Failure through Fixation

https://www.flickr.com/photos/britishlibrary/11033123455/

Einstellung, SICP EX 4.31 — an Experiential Report

Intro

In her book A Mind for Numbers Barbara Oakley mentions the Einstellung effect (and a great number of other things, too): “The Einstellung effect refers to getting stuck in solving a problem or understanding a concept as a result of becoming fixated on a flawed approach.” And, later on: “Chess players who experience Einstellung truly believe they are scanning the board for a different solution. But careful study of where their eyes are moving shows that they are keeping their focus on the original solution. Not only their eyes, but their mind itself can’t move away enough to see a new approach to the problem.”

I recently experienced Einstellung and, despite realizing what was happening, I had no good strategy prepared for it and ended up handling the event in a suboptimal manner. The rest of this report details the particular Einstellung experience, but also ties in a few other aspects of learning and problem-solving. Although the Einstellung happened during a programming exercise, the particulars of the exercise are mostly incidental: the experience is reported in detail in the hope that it will help you internalize what the Einstellung effect is and spawn ideas for handling it effectively if-when it arises.

The Exercise

At the time of writing I have spent 115 hours over the last six months studying SICP (also affectionately known as the wizard book). I love it: it starts out explaining different fundamentals in-depth, dips its toes into multiple programming paradigms, presents a curated sample of examples amidst the more theory-focused chapters, and it messes around with programming languages and simulators. I’m fairly convinced that when I finish the book, I’ll have learnt more from it than my first two years of university courses.

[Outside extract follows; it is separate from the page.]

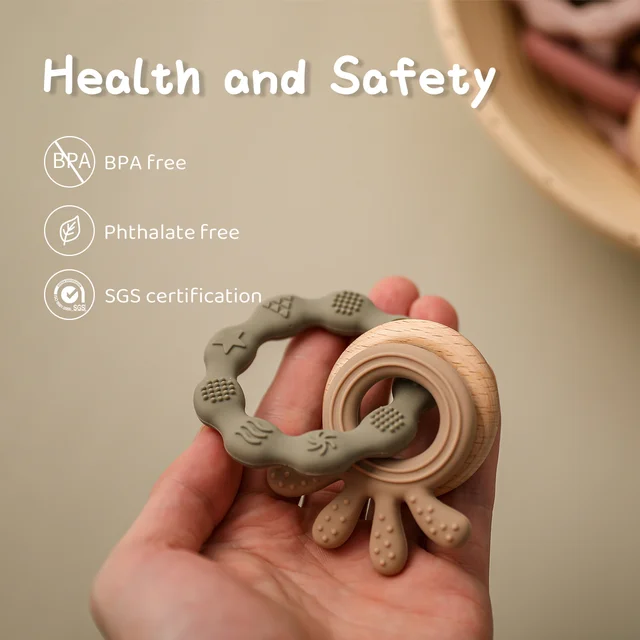1pc Baby Teether Silicone Bracelet BPA Free  Cute Animal Silicone Pendant Wood Ring  Teething Rattle for Baby Accessories Toys 2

Getting back on track again after digressing to praise the wizard book: The Einstellung happened when I attempted to solve exercise 4.31. Chapter four of SICP is about metalinguistic abstraction, and develops four different interpreters; subchapter two develops an interpreter for a lazy scheme varian t. The initial approach taken in the text is to change the interpreter developed in the previous subchapter so that the interpreter always uses lazy evaluation. And then comes exercise 4.31:

Exercise 4.31: The approach taken in this section is somewhat unpleasant, because it makes an incompatible change to Scheme. It might be nicer to implement lazy evaluation as an upward-compatible extension , that is, so that ordinary Scheme programs will work as before. We can do this by extending the syntax of procedure declarations to let the user control whether or not arguments are to be delayed. While we’re at it, we may as well also give the user the choice between delaying with and without memoization.
For example, the definition

(define (f a (b lazy) c (d lazy-memo))
. . . )

would define f to be a procedure of four arguments, where the first and third arguments are evaluated when the procedure is called, the second argument is delayed, and the fourth argument is both delayed and memoized. Thus, or-dinary procedure definitions will produce the same behavior as ordinary Scheme, while adding the lazy-memo declaration to each parameter of every compound procedure will produce the behavior of the lazy evaluator defined in this section. Design and implement the changes required to produce such an extension to Scheme. You will have to implement new syntax procedures to handle the new syntax for define . You must also arrange for eval or apply to determine when arguments are to be delayed, and to force or delay arguments accordingly, and you must arrange for forcing to memoize or not, as appropriate.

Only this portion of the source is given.